EXCERPTED RECORDS START

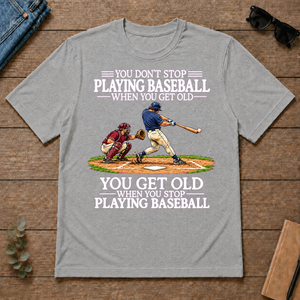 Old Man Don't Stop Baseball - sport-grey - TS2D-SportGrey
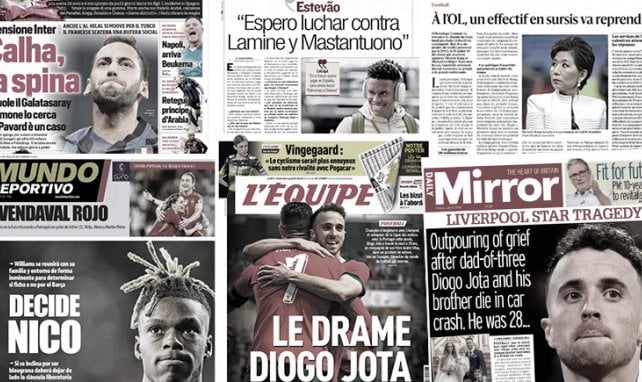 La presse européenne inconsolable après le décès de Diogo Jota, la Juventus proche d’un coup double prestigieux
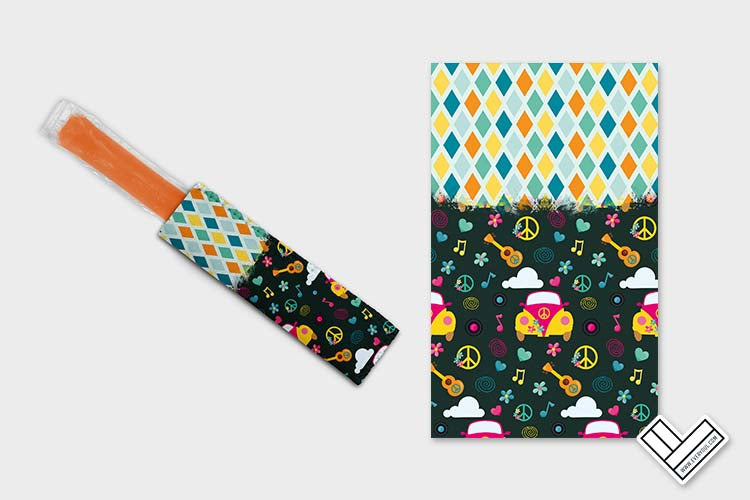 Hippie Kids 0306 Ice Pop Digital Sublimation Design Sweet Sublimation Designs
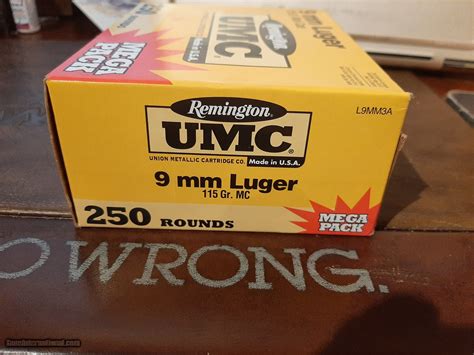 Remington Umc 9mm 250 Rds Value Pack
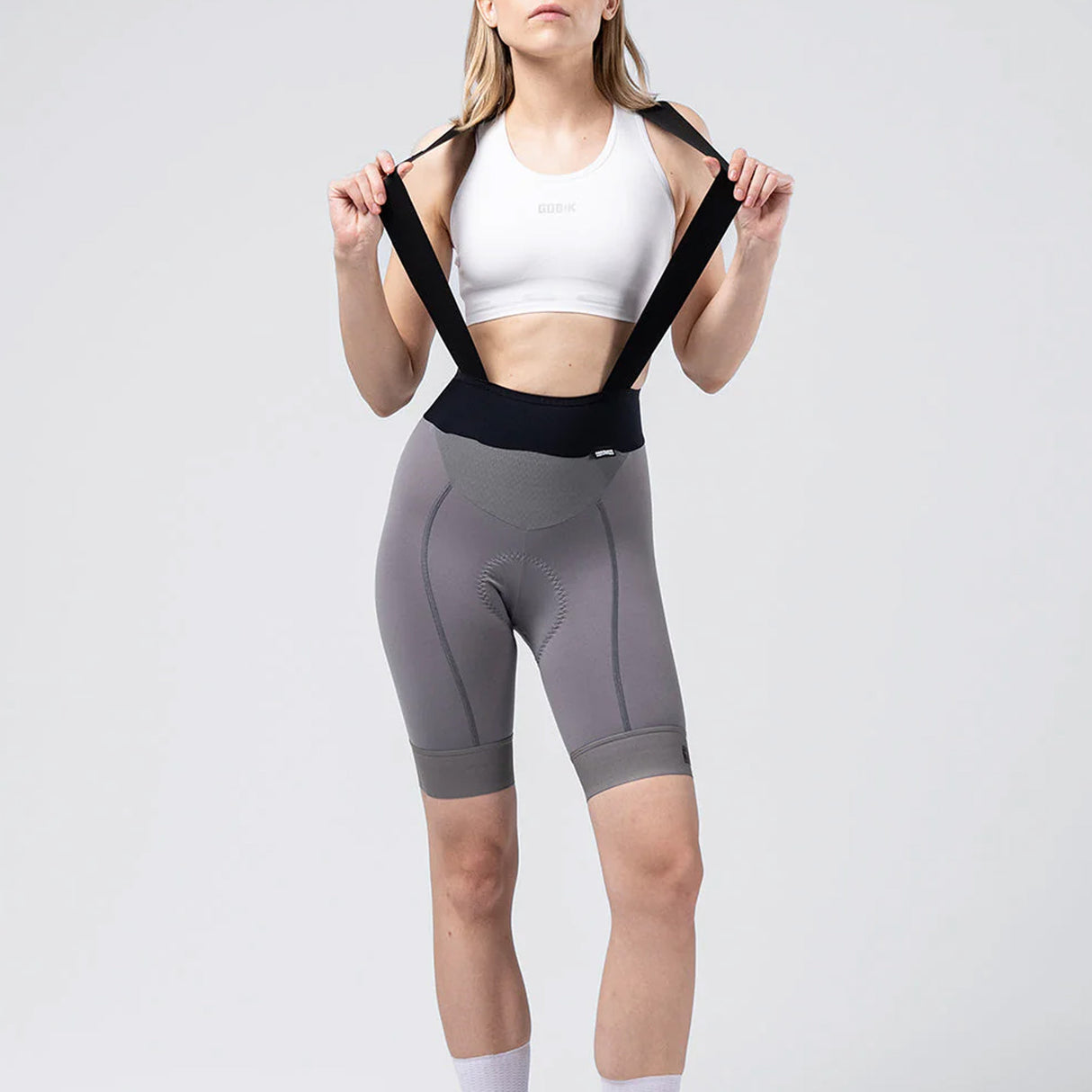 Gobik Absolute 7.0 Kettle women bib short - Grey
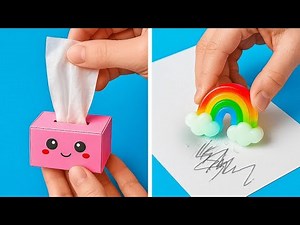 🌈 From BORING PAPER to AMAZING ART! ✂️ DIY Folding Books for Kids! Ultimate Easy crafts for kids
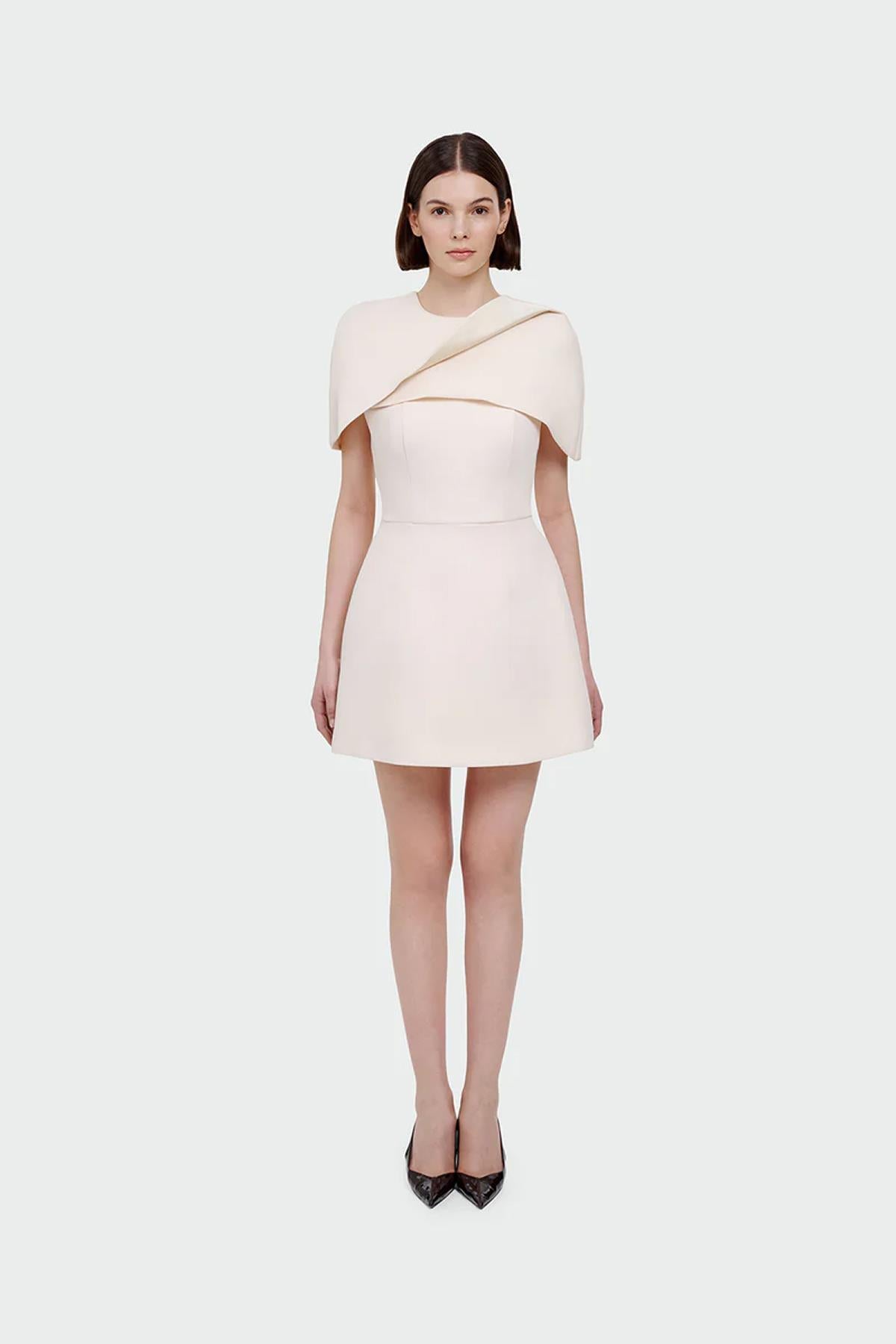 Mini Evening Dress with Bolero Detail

EXCERPTED RECORDS END

WHAT TO PRODUCE:
Return the entries verbatim without images.

OUTPUT FOR THIS TASK:
 Old Man Don't Stop Baseball - sport-grey - TS2D-SportGrey
 La presse européenne inconsolable après le décès de Diogo Jota, la Juventus proche d’un coup double prestigieux
 Hippie Kids 0306 Ice Pop Digital Sublimation Design Sweet Sublimation Designs
 Remington Umc 9mm 250 Rds Value Pack
 Gobik Absolute 7.0 Kettle women bib short - Grey
 🌈 From BORING PAPER to AMAZING ART! ✂️ DIY Folding Books for Kids! Ultimate Easy crafts for kids
 Mini Evening Dress with Bolero Detail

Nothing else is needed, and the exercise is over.